**Your objective:**
Every entry is to be returned exactly as it stands; the pictures are to be dropped.

**Record excerpts:**
++++++
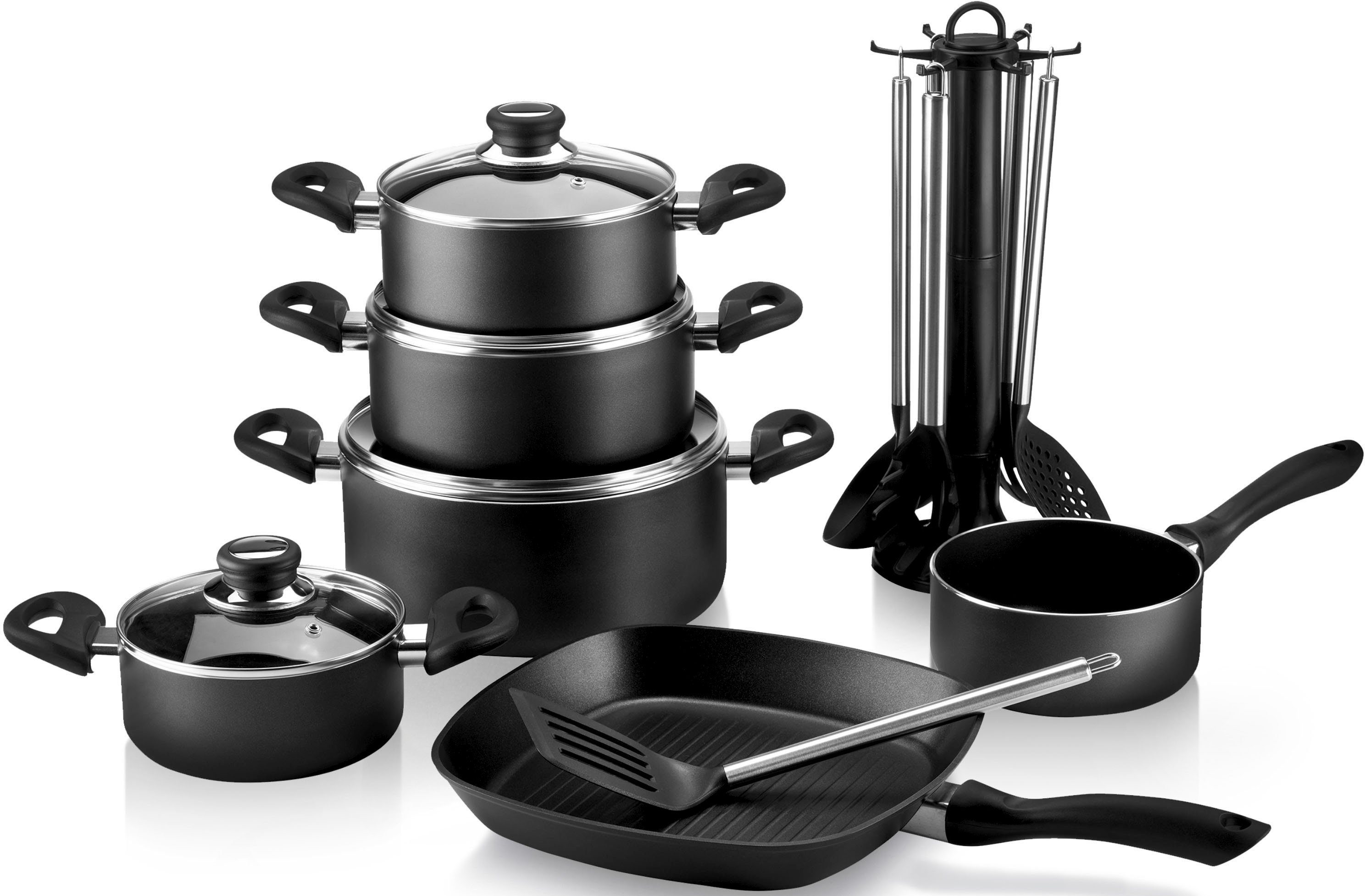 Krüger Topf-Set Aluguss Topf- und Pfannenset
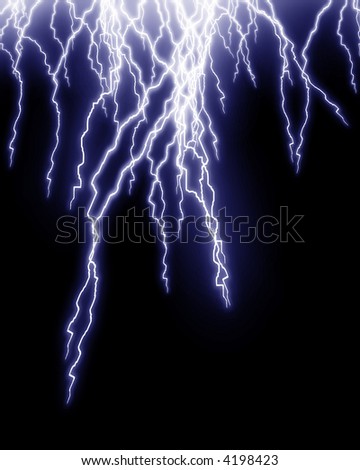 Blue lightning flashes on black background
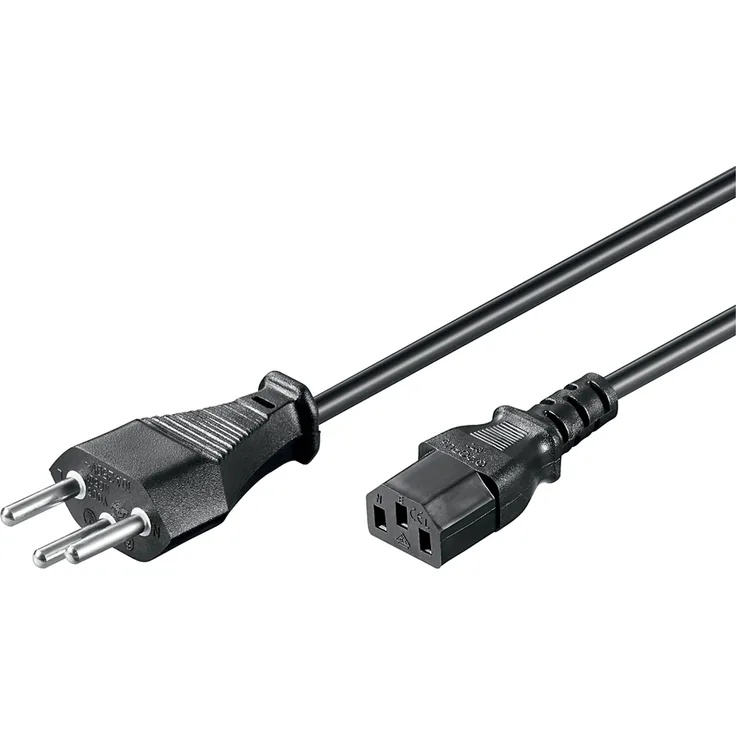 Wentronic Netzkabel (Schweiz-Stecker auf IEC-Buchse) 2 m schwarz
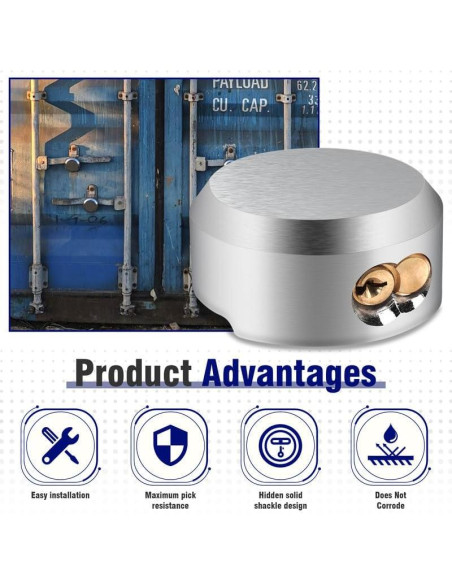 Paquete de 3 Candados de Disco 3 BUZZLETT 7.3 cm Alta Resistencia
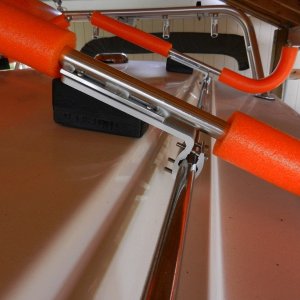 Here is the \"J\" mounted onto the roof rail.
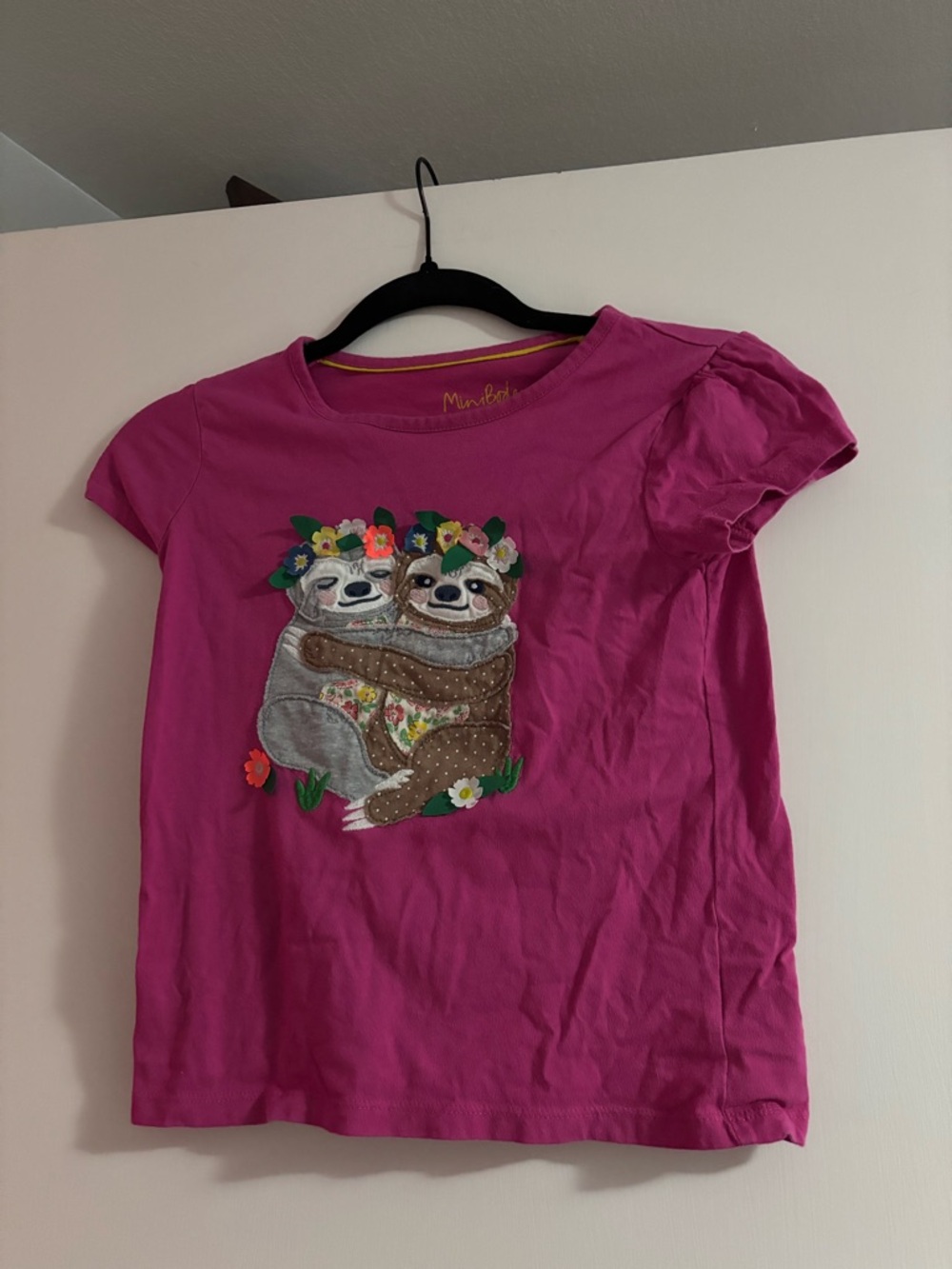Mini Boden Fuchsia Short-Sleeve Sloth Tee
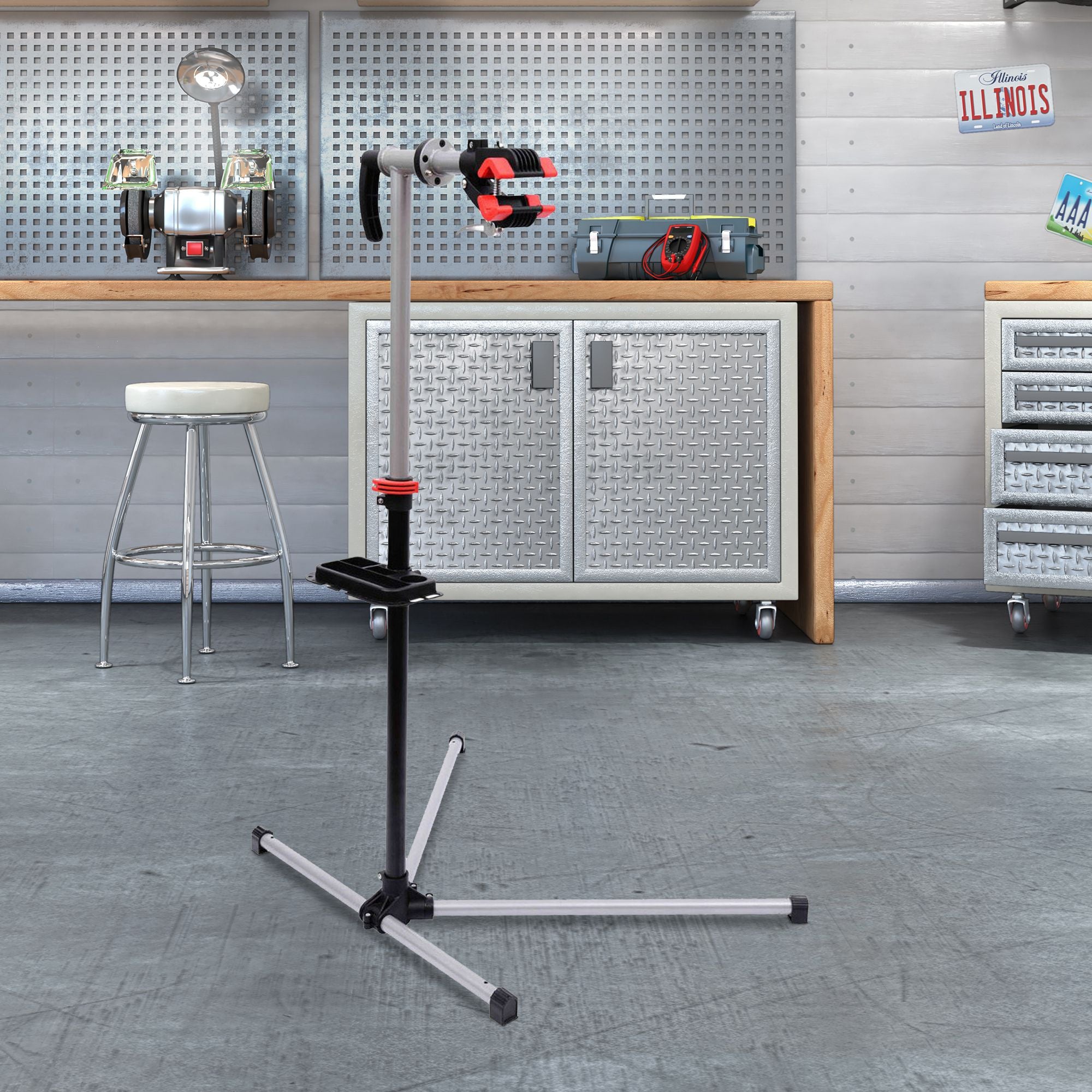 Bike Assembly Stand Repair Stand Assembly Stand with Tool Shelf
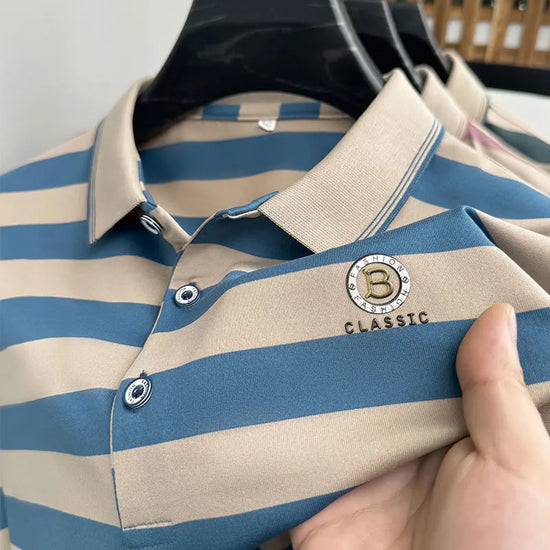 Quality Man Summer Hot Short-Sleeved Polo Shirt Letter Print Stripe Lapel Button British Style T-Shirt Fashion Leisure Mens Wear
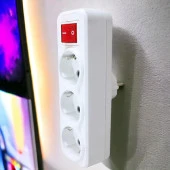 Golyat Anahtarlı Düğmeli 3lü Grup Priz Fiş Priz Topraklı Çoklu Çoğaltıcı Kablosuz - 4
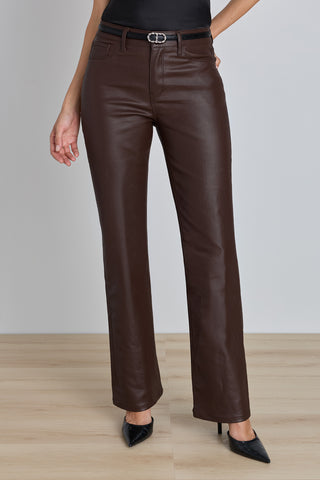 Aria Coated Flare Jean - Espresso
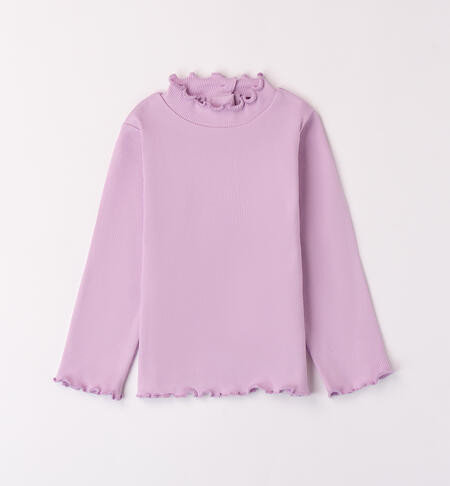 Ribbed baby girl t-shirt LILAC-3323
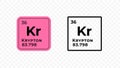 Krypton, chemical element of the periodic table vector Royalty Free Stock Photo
++++++
**Completed exercise:**
 Krüger Topf-Set Aluguss Topf- und Pfannenset
 Blue lightning flashes on black background
 Wentronic Netzkabel (Schweiz-Stecker auf IEC-Buchse) 2 m schwarz
 Paquete de 3 Candados de Disco 3 BUZZLETT 7.3 cm Alta Resistencia
 Here is the \"J\" mounted onto the roof rail.
Mini Boden Fuchsia Short-Sleeve Sloth Tee
 Bike Assembly Stand Repair Stand Assembly Stand with Tool Shelf
 Quality Man Summer Hot Short-Sleeved Polo Shirt Letter Print Stripe Lapel Button British Style T-Shirt Fashion Leisure Mens Wear
 Golyat Anahtarlı Düğmeli 3lü Grup Priz Fiş Priz Topraklı Çoklu Çoğaltıcı Kablosuz - 4
 Aria Coated Flare Jean - Espresso
 Ribbed baby girl t-shirt LILAC-3323
 Krypton, chemical element of the periodic table vector Royalty Free Stock Photo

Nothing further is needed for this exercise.